En réponse, plusieurs membres du gouvernement Berlusconi ont dénoncé "l'impuissance" des autorités européennes face à l'immigration clandestine et le fait que les Etats riverains de la Méditerranée ne bénéficieraient pas d'un soutien suffisant. "L'Europe nous a laissés seuls (...), elle est restée absente et sourde (...), elle est coupable parce qu'elle a laissé exploser le problème", a déclaré, mercredi, le ministre des affaires européennes, Andrea Ronchi, à Il Corriere della Serra. "L'immigration est un problème européen. L'UE fait beaucoup de déclarations (...) mais elle n'a toujours pas dit ce qui doit se passer quand un groupe de migrants atteint ses frontières", a estimé le ministre des affaires étrangères, Franco Frattini, à l'issue d'une récente discussion avec la présidence suédoise de l'Union.
La Commission européenne a affirmé, mercredi, que les tensions avec l'Italie étaient en voie d'apaisement.
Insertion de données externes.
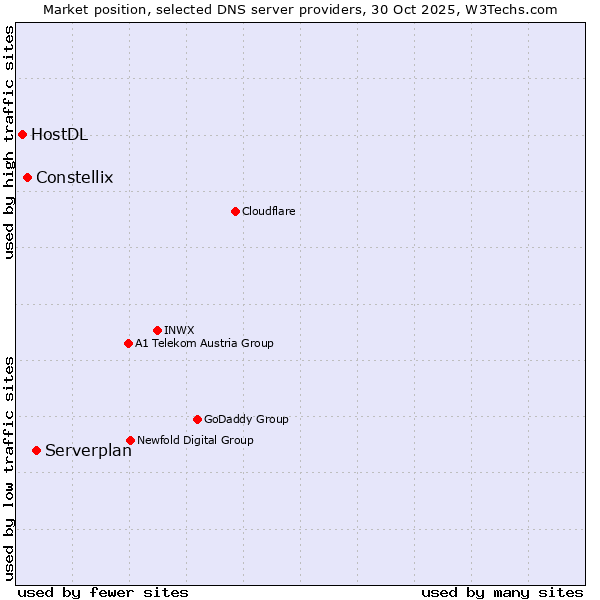 Market position of Serverplan vs. Constellix vs. HostDL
M. Barrot a refusé "les commentaires sans objet" et rejeté toute accusation d'immobilisme. Il a cependant admis une partie des critiques italiennes en évoquant "la frilosité" des Etats membres face au nécessaire partage du "fardeau " que constitue, pour les Européens, l'accueil des réfugiés.
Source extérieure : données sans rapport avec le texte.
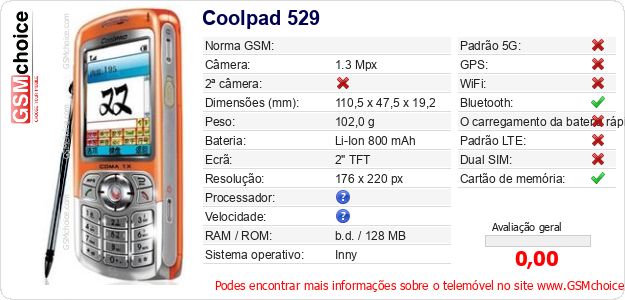 Coolpad 529 Especificações técnicas do telemóvel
La polémique a relancé le débat sur la nécessité de nouvelles mesures communautaires. La Commission entend mieux aider l'Italie, Malte, la Grèce, Chypre et l'Espagne. Elle veut formuler dans quelques semaines des propositions en vue d'harmoniser les procédures d'asile entre les Vingt-Sept, afin de n'accueillir que "ceux qui ont vraiment besoin d'une protection internationale ", selon la formule de M. Barrot. La présidence suédoise de l'Union promet des "critères de distribution des flux d'immigration parmi les Vingt-Sept". Cette répartition interne s'appuiera sur un projet pilote mené à Malte mais qui n'a abouti, pour l'instant, qu'à l'accueil par la France de 90 immigrants.
Enfin, Bruxelles a proposé, mercredi, un programme commun volontaire pour l'accueil de réfugiés particulièrement "fragiles", notamment des personnes qui vivent provisoirement dans des camps au Tchad, en Jordanie ou au Kenya, par exemple.